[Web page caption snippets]
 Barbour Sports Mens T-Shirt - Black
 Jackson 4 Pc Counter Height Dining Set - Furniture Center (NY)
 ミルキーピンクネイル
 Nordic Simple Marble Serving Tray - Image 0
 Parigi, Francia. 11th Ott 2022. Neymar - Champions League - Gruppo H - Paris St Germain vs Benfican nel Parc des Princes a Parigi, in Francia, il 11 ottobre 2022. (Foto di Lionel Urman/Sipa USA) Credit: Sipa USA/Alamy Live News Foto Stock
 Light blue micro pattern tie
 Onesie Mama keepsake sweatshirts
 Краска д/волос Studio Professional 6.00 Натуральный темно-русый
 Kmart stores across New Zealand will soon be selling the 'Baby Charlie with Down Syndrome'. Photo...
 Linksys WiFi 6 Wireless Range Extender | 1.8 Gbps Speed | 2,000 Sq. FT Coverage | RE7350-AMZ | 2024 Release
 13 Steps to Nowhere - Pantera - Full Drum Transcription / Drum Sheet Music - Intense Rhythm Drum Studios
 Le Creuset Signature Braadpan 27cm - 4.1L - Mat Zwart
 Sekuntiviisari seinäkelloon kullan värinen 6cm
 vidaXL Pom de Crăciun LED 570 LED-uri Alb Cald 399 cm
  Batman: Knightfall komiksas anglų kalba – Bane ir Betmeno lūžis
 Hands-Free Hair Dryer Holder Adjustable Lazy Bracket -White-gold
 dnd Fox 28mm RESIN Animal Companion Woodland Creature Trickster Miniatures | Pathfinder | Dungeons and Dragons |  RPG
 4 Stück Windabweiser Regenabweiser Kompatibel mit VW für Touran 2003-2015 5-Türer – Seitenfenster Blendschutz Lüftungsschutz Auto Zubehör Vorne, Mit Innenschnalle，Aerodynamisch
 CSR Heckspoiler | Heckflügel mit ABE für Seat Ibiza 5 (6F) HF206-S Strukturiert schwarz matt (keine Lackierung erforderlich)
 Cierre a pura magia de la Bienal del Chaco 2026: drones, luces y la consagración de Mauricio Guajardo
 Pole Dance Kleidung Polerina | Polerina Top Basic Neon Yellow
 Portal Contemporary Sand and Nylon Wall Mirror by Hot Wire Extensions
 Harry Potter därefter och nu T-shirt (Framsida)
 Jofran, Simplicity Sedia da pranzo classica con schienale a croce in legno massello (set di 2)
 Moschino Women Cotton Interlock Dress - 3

DESCRIPTION OF THE TASK
Give all of the entries again, exactly.

RESPONSE AREA
 Barbour Sports Mens T-Shirt - Black
 Jackson 4 Pc Counter Height Dining Set - Furniture Center (NY)
 ミルキーピンクネイル
 Nordic Simple Marble Serving Tray - Image 0
 Parigi, Francia. 11th Ott 2022. Neymar - Champions League - Gruppo H - Paris St Germain vs Benfican nel Parc des Princes a Parigi, in Francia, il 11 ottobre 2022. (Foto di Lionel Urman/Sipa USA) Credit: Sipa USA/Alamy Live News Foto Stock
 Light blue micro pattern tie
 Onesie Mama keepsake sweatshirts
 Краска д/волос Studio Professional 6.00 Натуральный темно-русый
 Kmart stores across New Zealand will soon be selling the 'Baby Charlie with Down Syndrome'. Photo...
 Linksys WiFi 6 Wireless Range Extender | 1.8 Gbps Speed | 2,000 Sq. FT Coverage | RE7350-AMZ | 2024 Release
 13 Steps to Nowhere - Pantera - Full Drum Transcription / Drum Sheet Music - Intense Rhythm Drum Studios
 Le Creuset Signature Braadpan 27cm - 4.1L - Mat Zwart
 Sekuntiviisari seinäkelloon kullan värinen 6cm
 vidaXL Pom de Crăciun LED 570 LED-uri Alb Cald 399 cm
  Batman: Knightfall komiksas anglų kalba – Bane ir Betmeno lūžis
 Hands-Free Hair Dryer Holder Adjustable Lazy Bracket -White-gold
 dnd Fox 28mm RESIN Animal Companion Woodland Creature Trickster Miniatures | Pathfinder | Dungeons and Dragons |  RPG
 4 Stück Windabweiser Regenabweiser Kompatibel mit VW für Touran 2003-2015 5-Türer – Seitenfenster Blendschutz Lüftungsschutz Auto Zubehör Vorne, Mit Innenschnalle，Aerodynamisch
 CSR Heckspoiler | Heckflügel mit ABE für Seat Ibiza 5 (6F) HF206-S Strukturiert schwarz matt (keine Lackierung erforderlich)
 Cierre a pura magia de la Bienal del Chaco 2026: drones, luces y la consagración de Mauricio Guajardo
 Pole Dance Kleidung Polerina | Polerina Top Basic Neon Yellow
 Portal Contemporary Sand and Nylon Wall Mirror by Hot Wire Extensions
 Harry Potter därefter och nu T-shirt (Framsida)
 Jofran, Simplicity Sedia da pranzo classica con schienale a croce in legno massello (set di 2)
 Moschino Women Cotton Interlock Dress - 3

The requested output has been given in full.